Two new legal challenges aimed at preventing a “hard” Brexit are to be launched this January, with the Irish courts set to hear an appeal on whether Brexit can be reversed and a claim being brought in London arguing that the UK should stay in the European Economic Area (“EEA”).
In Ireland, the claim, headed by Jolyon Maugham QC, a London tax specialist, will be made referring to an appeal made to the EU’s highest tribunal on whether the process of Brexit is reversible. The claim has raised nearly £70,000 through crowdfunding, comprising largely of £50 or less donations. Maugham will argue that Article 50 (which once triggered starts the formal process by which the UK will leave the EU) can be reversed if a country changes its mind and decides not to leave the bloc.

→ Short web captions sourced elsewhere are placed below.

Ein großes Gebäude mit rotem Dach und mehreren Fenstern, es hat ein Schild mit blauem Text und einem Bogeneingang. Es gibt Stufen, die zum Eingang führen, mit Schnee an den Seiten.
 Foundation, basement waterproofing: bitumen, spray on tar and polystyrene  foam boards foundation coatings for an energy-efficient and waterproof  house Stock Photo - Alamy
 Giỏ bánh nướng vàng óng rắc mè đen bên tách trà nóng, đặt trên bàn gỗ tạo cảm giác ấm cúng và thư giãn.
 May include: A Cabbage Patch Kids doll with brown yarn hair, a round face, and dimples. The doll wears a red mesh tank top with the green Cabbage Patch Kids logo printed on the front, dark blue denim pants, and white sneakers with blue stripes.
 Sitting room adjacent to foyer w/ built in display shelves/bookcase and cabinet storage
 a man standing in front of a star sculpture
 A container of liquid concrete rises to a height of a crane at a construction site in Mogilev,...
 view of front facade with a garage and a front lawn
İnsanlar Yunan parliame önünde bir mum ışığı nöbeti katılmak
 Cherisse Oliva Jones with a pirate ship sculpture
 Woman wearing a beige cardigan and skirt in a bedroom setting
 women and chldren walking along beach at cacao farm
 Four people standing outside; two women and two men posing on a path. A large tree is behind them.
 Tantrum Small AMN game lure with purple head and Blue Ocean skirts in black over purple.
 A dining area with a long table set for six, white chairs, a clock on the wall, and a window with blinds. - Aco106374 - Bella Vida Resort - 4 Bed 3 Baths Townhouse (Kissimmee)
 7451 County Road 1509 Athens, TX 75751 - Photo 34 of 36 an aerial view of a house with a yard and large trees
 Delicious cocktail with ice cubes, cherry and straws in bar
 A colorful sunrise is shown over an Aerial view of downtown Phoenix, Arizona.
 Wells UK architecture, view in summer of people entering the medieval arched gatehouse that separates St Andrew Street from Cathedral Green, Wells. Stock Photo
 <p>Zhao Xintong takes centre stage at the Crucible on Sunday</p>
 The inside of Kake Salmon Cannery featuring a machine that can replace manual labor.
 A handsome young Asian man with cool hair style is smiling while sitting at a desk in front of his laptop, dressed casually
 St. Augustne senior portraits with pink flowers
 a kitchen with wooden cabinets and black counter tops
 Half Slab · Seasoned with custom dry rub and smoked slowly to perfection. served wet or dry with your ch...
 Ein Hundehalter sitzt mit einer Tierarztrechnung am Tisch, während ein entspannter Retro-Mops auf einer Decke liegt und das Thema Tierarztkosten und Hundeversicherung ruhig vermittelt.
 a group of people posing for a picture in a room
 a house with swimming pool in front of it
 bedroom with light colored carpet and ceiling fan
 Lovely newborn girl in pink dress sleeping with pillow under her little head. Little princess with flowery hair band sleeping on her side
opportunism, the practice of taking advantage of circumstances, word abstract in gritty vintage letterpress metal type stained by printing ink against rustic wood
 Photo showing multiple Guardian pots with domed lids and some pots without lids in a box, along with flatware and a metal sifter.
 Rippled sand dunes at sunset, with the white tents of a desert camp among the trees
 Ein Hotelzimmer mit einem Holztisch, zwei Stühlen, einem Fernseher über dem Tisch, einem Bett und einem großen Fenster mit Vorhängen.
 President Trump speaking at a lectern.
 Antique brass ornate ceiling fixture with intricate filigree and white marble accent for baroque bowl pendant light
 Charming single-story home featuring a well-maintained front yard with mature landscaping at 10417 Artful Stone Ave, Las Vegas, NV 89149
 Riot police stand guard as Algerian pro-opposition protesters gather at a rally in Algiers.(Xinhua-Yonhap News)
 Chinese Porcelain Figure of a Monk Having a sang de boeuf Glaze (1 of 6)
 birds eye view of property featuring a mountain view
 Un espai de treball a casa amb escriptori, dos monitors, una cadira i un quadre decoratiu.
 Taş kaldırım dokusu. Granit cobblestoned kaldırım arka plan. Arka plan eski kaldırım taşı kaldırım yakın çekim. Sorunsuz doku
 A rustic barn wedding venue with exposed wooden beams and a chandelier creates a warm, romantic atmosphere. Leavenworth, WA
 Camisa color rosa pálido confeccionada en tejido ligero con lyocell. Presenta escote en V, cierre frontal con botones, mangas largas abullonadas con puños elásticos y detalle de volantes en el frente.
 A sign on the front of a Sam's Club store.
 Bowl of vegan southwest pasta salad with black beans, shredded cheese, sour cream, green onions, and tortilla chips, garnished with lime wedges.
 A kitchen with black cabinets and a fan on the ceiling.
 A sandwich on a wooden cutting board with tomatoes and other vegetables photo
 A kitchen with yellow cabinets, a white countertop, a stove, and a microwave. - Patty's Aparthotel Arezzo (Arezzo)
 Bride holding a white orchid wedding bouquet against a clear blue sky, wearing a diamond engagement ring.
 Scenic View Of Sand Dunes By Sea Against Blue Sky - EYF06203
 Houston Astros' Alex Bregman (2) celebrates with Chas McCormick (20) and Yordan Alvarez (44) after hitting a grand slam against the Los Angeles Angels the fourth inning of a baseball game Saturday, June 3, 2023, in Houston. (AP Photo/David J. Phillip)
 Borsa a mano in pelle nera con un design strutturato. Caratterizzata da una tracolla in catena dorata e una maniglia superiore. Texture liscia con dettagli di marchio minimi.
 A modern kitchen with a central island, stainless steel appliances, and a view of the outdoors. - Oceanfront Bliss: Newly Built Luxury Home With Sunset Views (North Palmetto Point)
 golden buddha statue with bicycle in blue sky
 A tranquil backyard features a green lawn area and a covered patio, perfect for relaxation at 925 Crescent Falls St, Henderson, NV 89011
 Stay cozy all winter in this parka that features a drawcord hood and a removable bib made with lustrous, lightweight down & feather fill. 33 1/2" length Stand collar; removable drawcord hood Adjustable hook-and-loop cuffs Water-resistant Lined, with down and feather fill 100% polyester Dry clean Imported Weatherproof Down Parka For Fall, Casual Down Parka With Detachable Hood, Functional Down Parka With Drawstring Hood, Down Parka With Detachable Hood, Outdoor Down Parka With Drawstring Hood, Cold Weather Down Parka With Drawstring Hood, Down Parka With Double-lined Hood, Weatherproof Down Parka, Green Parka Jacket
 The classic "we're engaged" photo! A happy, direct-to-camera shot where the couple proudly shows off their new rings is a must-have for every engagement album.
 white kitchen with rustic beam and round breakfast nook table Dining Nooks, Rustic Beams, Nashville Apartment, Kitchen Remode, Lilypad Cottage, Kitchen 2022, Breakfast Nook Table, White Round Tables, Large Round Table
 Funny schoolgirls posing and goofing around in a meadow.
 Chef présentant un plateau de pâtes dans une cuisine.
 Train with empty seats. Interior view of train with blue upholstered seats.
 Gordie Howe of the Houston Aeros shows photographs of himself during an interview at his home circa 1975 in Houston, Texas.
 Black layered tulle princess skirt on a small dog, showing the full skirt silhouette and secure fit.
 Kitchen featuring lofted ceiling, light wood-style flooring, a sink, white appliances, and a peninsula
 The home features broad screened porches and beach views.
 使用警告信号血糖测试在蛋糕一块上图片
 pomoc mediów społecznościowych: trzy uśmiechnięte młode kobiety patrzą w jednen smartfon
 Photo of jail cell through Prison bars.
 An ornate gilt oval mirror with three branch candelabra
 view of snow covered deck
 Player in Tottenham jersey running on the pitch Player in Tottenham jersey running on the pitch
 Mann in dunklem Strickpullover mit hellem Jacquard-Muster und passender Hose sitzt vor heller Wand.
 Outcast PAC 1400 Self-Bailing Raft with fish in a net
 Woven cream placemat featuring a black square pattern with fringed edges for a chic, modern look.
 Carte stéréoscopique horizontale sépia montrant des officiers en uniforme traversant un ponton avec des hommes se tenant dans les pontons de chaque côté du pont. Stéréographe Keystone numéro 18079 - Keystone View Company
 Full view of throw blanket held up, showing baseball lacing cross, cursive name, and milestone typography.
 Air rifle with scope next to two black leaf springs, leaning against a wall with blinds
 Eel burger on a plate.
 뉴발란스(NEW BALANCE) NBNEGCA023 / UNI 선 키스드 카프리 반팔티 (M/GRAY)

In London, the High Court is set to hear a claim brought by two sets of claimants, who will argue that the UK must stay in the EEA. The claimants will argue that parliamentary approval should be required in order to quit the EEA, and will point to Article 127 of the EEA agreement which provides that the UK must give at least 12 months’ notice before leaving. The claimants assert that this therefore implies that a separate departure process must be followed to that contained in Article 50 of the EU treaty, and so parliamentary approval must be required for both decisions.
Meanwhile, in a matter of days the Supreme Court will announce its decision on the appeal brought by the government that parliament must vote on triggering Article 50.